(Entries taken from a collection)

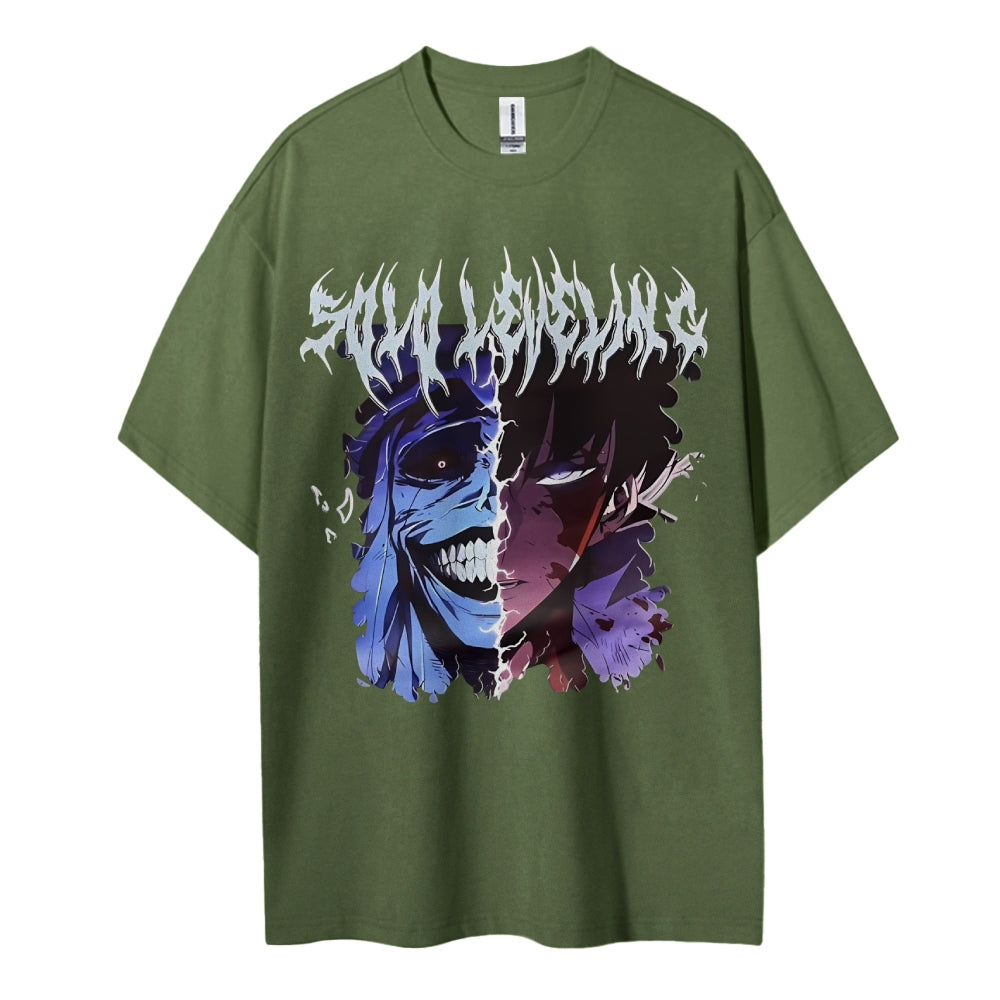 Sololeveling Cotton Unisex Crew Neck Anime T-Shirt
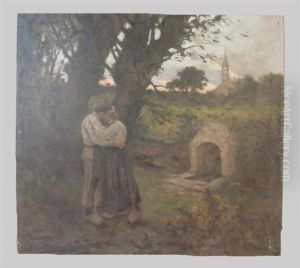 Couple D'amoureux Dans La Campagne (pres De La Chapelle De Kervern A Tregunc?) by Eugene Labitte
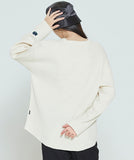 ロマンティッククラウン(ROMANTIC CROWN) SUNDAY SYNDROME SCRIBBLE LOGO KNITWEAR_OATMEAL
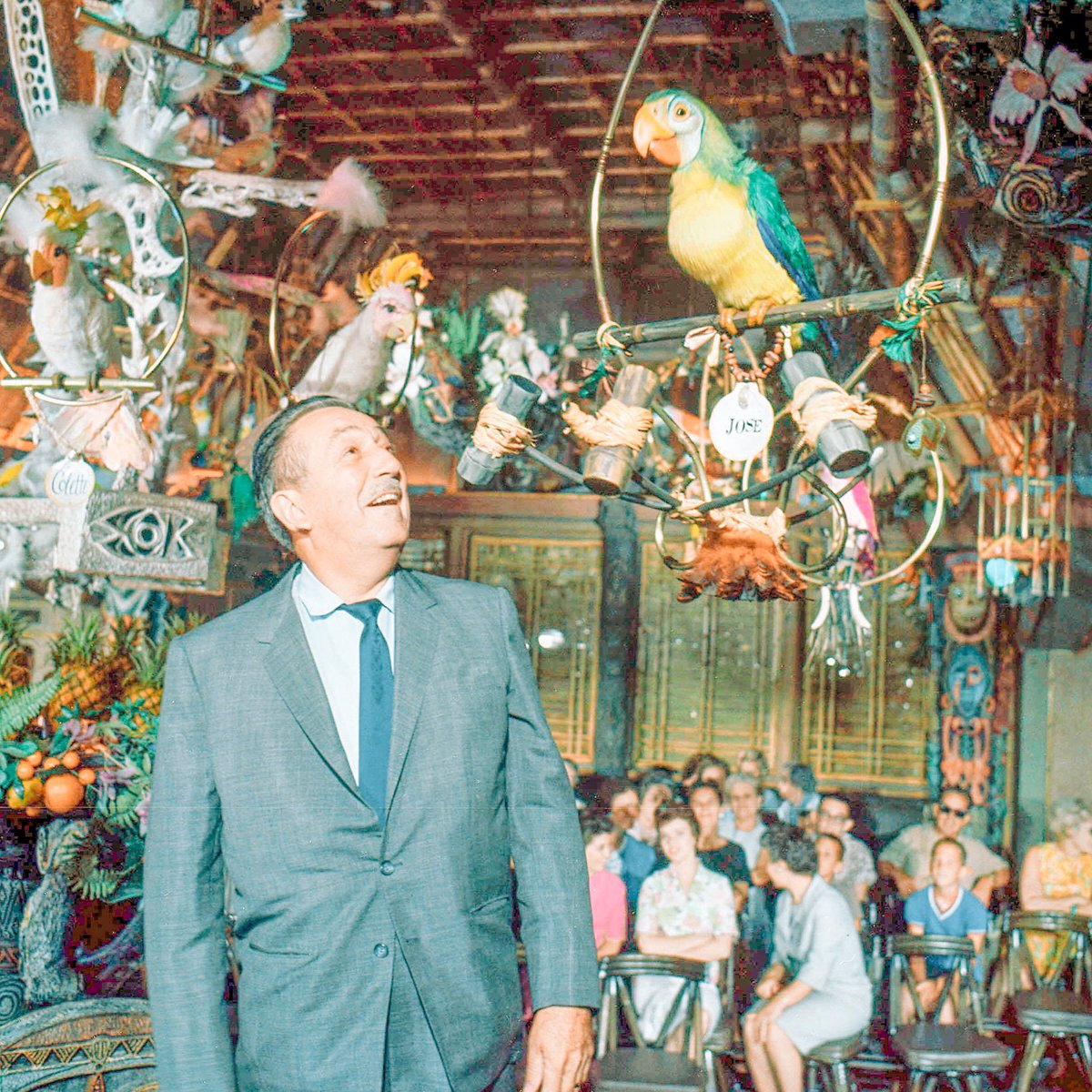 "Jose, can you believe anyone thought 'Under New Management' was a good idea?" 🤣 Walt was all about progress but Iago and 'Hot! Hot! Hot!' can't be what he meant. 😒⁣
⁣
#waltdisney #enchantedtikiroom #disneylandhistory #adventureland #worstofdisney  #DisTwitter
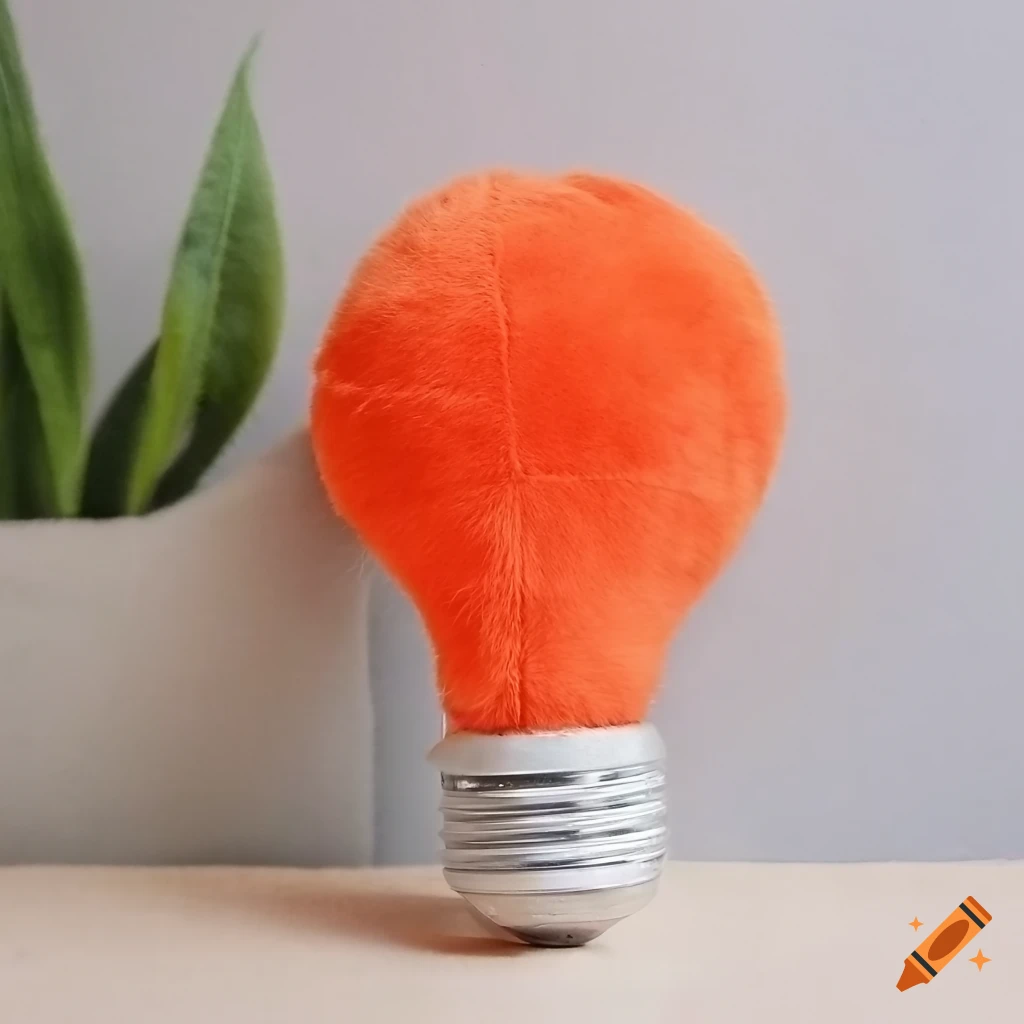 A kawaii light bulb plush toy, product photo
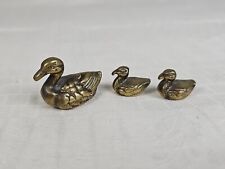 Vtg Brass Mother Duck And 2 Ducklings Made In England picture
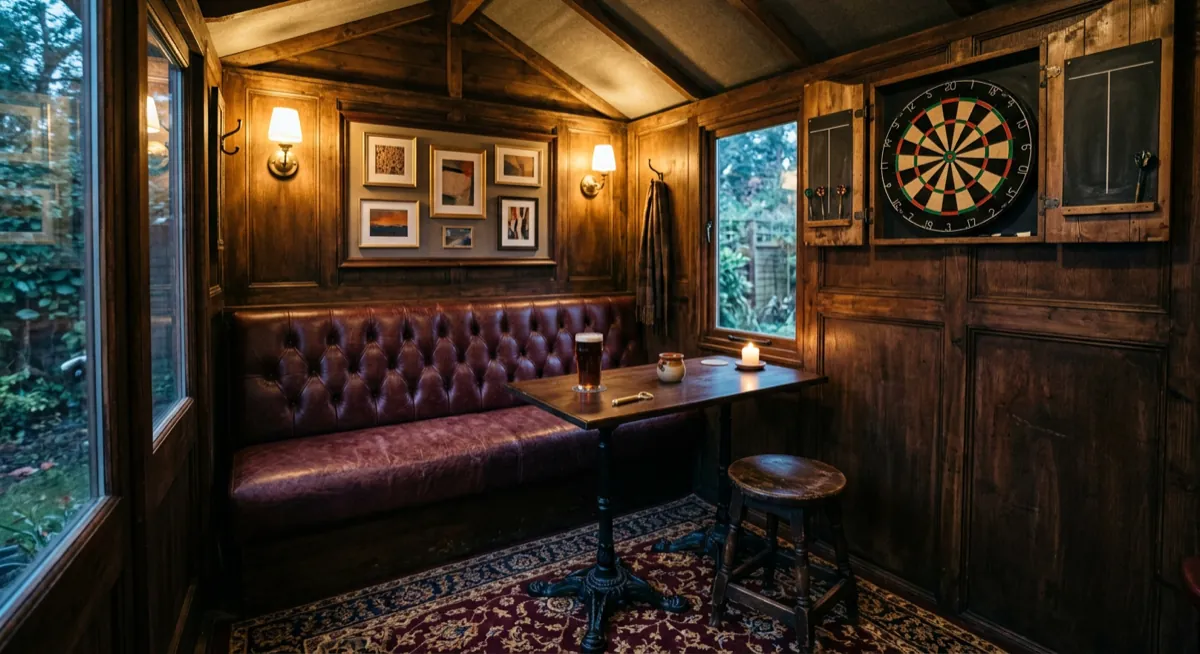 Traditional British snug pub interior in a shed with dark wood, brass lights and a dartboard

ASSIGNMENT: Copy out, with no pictures, the lines from the one containing "A kawaii light bulb plush toy, product photo" through the last line of the data above, both ends included and each word unchanged.

RESULT:
 A kawaii light bulb plush toy, product photo
 Vtg Brass Mother Duck And 2 Ducklings Made In England picture
 Traditional British snug pub interior in a shed with dark wood, brass lights and a dartboard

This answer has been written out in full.